The objective lesson here is the widespread optimism within the U.S. government in late 2011 when the reports about the Stuxnet computer virus were first published. The assumption that the Iranians were either too unsophisticated or too dumb to cope with the virtual attack proved ridiculously optimistic. Stuxnet may have delayed the Iranian program, but it wasn’t stopped. Indeed, the Iranians not only redoubled their efforts in the subsequent year but also counterattacked with their own computer virus attacks against U.S. banks.

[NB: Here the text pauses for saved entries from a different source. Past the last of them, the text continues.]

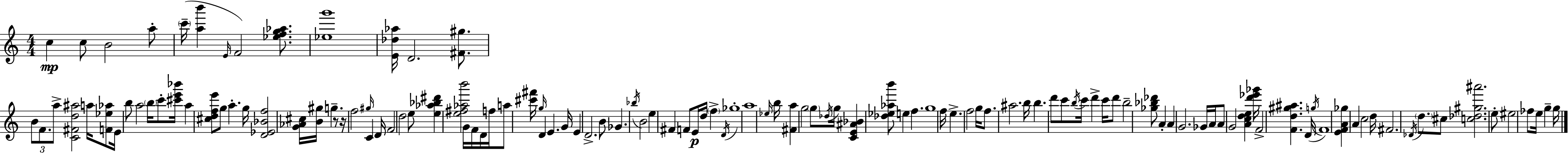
C5/q C5/e B4/h A5/e C6/s [A5,B6]/q E4/s F4/h [Eb5,F5,G5,Ab5]/e. [Eb5,G6]/w [E4,Db5,Ab5]/s D4/h. [F#4,G#5]/e. B4/e F4/e. A5/e [C4,F#4,D5,A#5]/h A5/s [F4,Eb5,Ab5]/e E4/s B5/e A5/h B5/s C6/e [C#6,E6,Bb6]/s A5/q [C#5,D5,F5,E6]/e G5/e A5/q. G5/s [D4,Eb4,Bb4,F5]/h [G4,Ab4,C#5]/s [B4,G#5]/s G5/q. R/e R/s F5/h G#5/s C4/q D4/s F4/h D5/h E5/e [E5,Ab5,Bb5,D#6]/q [E5,F#5,Ab5,B6]/h G4/s F4/s D4/s F5/s A5/e [C#6,F#6]/s G5/s D4/q E4/q. G4/s E4/q D4/h. B4/e Gb4/q. Bb5/s B4/h E5/q F#4/q F4/e E4/s D5/s F5/q D4/s Gb5/w A5/w Eb5/s B5/s [F#4,A5]/q G5/h G5/e Db5/s G5/s [C4,E4,A#4,Bb4]/q [Db5,Eb5,Ab5,B6]/e E5/q F5/q. G5/w F5/s E5/q. F5/h G5/s F5/e. A#5/h. B5/s B5/q. D6/e C6/e B5/s C6/s D6/q C6/s D6/e B5/h [Gb5,Bb5,Db6]/e A4/q A4/q G4/h. Gb4/s A4/s A4/e G4/h [A4,C5,D5,E5]/q [D6,Eb6,Gb6]/s F4/h [F4,D5,G#5,A#5]/q. D4/s G5/s F4/w [E4,F4,A4,Gb5]/q A4/q C5/h D5/s F#4/h. Db4/s D5/e. C#5/e [C5,Db5,G#5,A#6]/h. E5/e EIS5/h FES5/e E5/s G5/q G5/s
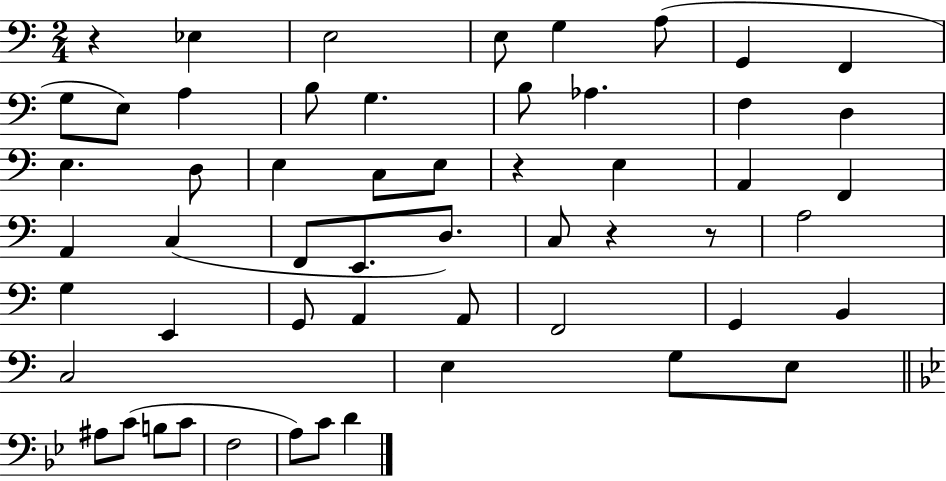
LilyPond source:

{
  \clef bass
  \numericTimeSignature
  \time 2/4
  \key c \major
  r4 ees4 | e2 | e8 g4 a8( | g,4 f,4 | \break g8 e8) a4 | b8 g4. | b8 aes4. | f4 d4 | \break e4. d8 | e4 c8 e8 | r4 e4 | a,4 f,4 | \break a,4 c4( | f,8 e,8. d8.) | c8 r4 r8 | a2 | \break g4 e,4 | g,8 a,4 a,8 | f,2 | g,4 b,4 | \break c2 | e4 g8 e8 | \bar "||" \break \key g \minor ais8 c'8( b8 c'8 | f2 | a8) c'8 d'4 | \bar "|."
}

Thus, whether the Fordow rumors are substantiated or debunked in the coming weeks and months, no one should assume that this resolves the question about what to do about Iran’s nuclear threat. Making sure that Iran is–as President Obama promised in his foreign policy debate with Mitt Romney–deprived of a nuclear program will require more than cloak and dagger operations. An outcome that removes the danger of an Iranian nuke will mean that either Iran surrenders its nuclear option on its own in a verified program or a full-scale air assault on all of the Iranian facilities that would ensure that it would take many years and more treasure than the Iranians can amass to rebuild them.

Given the apocalyptic stakes involved in a potential nuclear weapon being placed in the hands of the religious fanatics in charge of Iran, the United States and Israel are justified in any effort they undertake to stop the Iranians, up to and including the use of force. That’s why Israelis are hoping that if President Obama is ever truly convinced that diplomacy won’t work, an American attack using Massive Ordinance Penetrator bombs that the Jewish state doesn’t possess will do the job at Fordow. But while we hope that all efforts to stop the Iranians, including diplomacy, sanctions and covert action, are successful, reliance on any measure that falls short of a comprehensive attack or verifiable and complete diplomatic surrender is probably nothing more than wishful thinking.